I have elasticsearch and graylog prometheus exporters running, and would be happy to test various config changes, tweak message throttling, and show results.

bernd commented 6 years ago

@davemcphee Thank you for the information! As you said, there isn't that much in there, unfortunately.

Can you send me a complete thread dump of the Graylog JVM process when this happens again? If processing is blocked, wait a few minutes and then take a thread dump. Also please do a curl localhost:9000/api/system/metrics after you took the dump and include it as well.

How is the CPU load when the processing is blocked? If you have some graphs for that as well, it would be much appreciated.

Could you show us an example raw message with a typical JSON payload?

Thank you!

madiTG commented 6 years ago

@bernd please check the community forum (referenced here) for the CPU charts. There are some thread dumps out there too.

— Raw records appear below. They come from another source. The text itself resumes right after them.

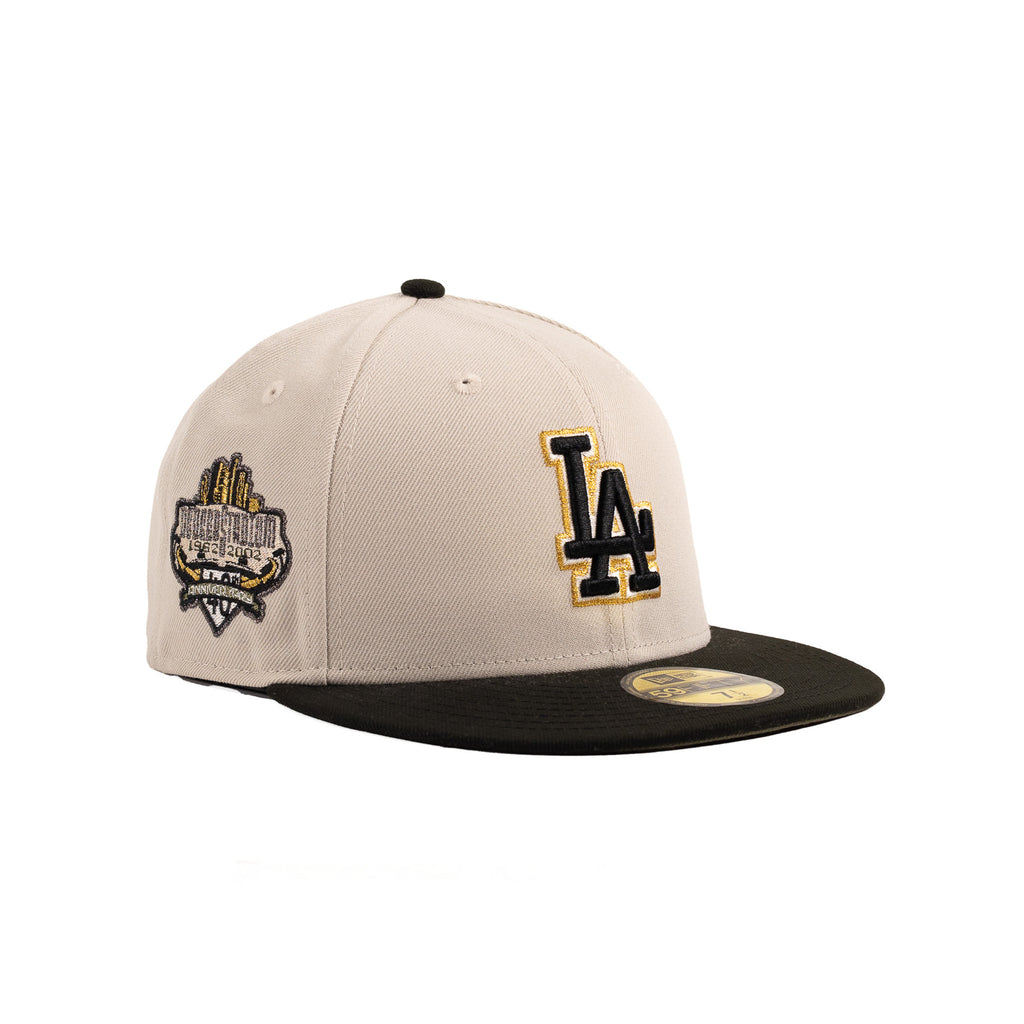 Los Angeles Dodgers Bone White/Black "Two Tone" | New Era 59Fifty Fitted
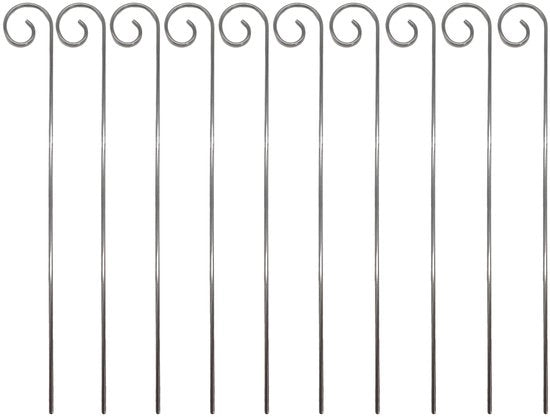 Etichette per piante resistenti alle intemperie - Palo metallico - Robusto/Inox - Struttura di supporto - 30 cm - Sostenibile - Etichette per piante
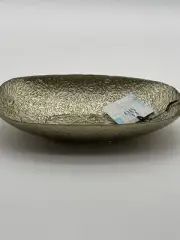 Green Lumo Istanbul Turkish Glass Decorative Bowl 9.84” X 6.50”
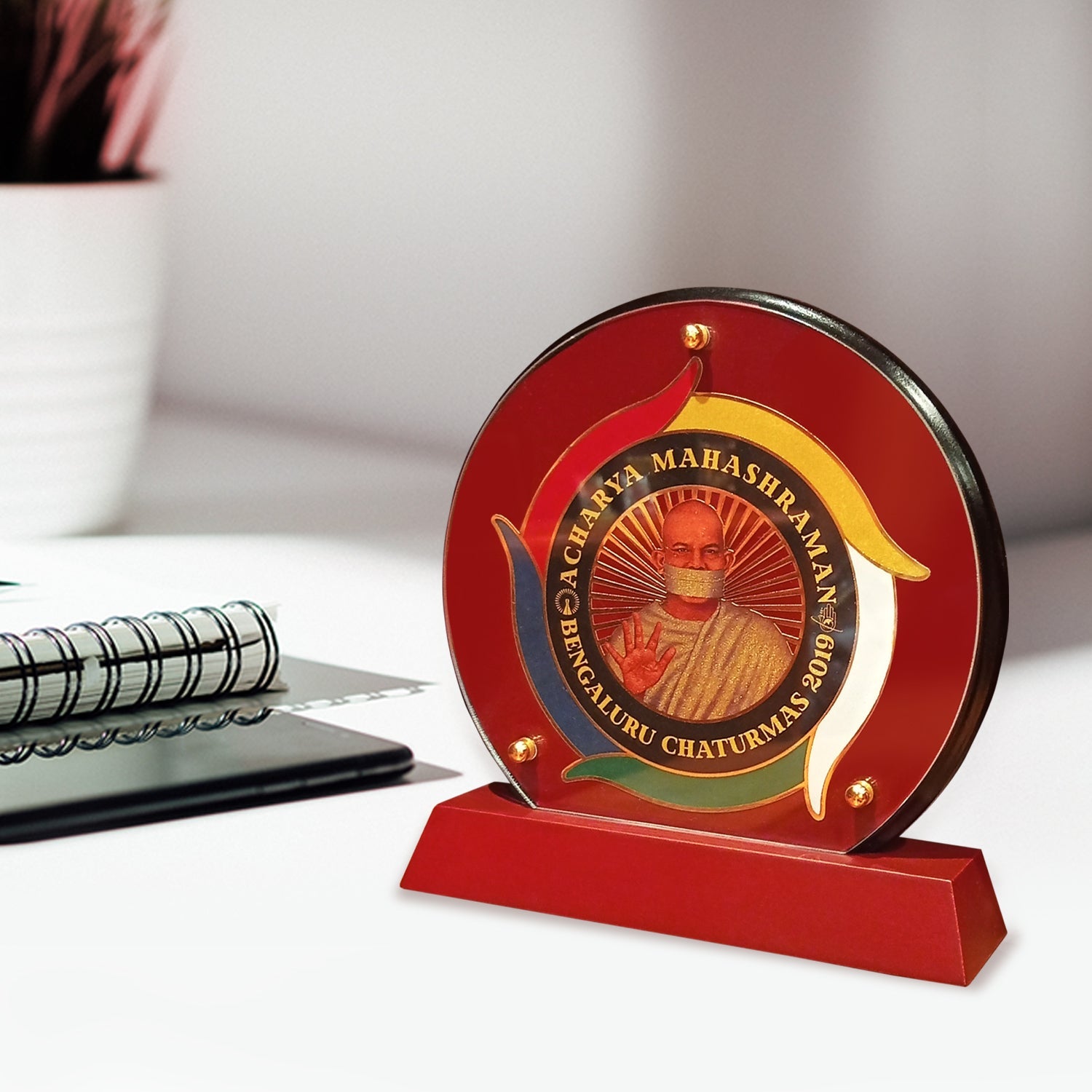 MDF Memento with 24K Gold Foil: Custom Corporate Gift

jebucha commented 6 years ago

You may have worked through your situation already, but what I found when I encountered a similar scenario earlier this year is that under certain message conditions and ingest loads my regex extractors were taking an exorbitantly long time to run (relatively speaking). Took awhile to narrow that down but once I was on that track I was able to use the metrics for individual extractors to gauge my success in tuning. I went through each of my extractors and tuned the regex, dropping execution times from like 50,000μs to 50μs. I had to move away from using "any character" matches to specific matches, and also be much more intentional with my extractor condition matches. At worst last Spring my Graylog nodes were backing up by > 1 million events each, several times per week. Today my ingest/search rates are higher than back then but I almost never have backups. The only time I have backups now (small ones at that) is when a given system or device goes haywire and floods with 10x normal message rate for a few minutes.

madiTG commented 6 years ago

I only use json extractors, tried with pipelines turned off - same effect. Already went through regex optimalisation. Execution times trend to 0 as nothing is being processed.

bernd commented 6 years ago

@madiTG I read the topic in the community forum and saw your graphs. The thread dumps were not complete and contained only the part for the outputbuffer threads. Also, I guess your setup is not the same as @davemcphee's so his CPU graphs might be different. :wink:

davemcphee commented 6 years ago

I had never used jstack before so after capturing one or two thread dumps I began playing with some config settings and seeing if I could observe a difference in the jstack output, and ummmm ... I think I've fixed my issue :grimacing: Isn't that just typical ....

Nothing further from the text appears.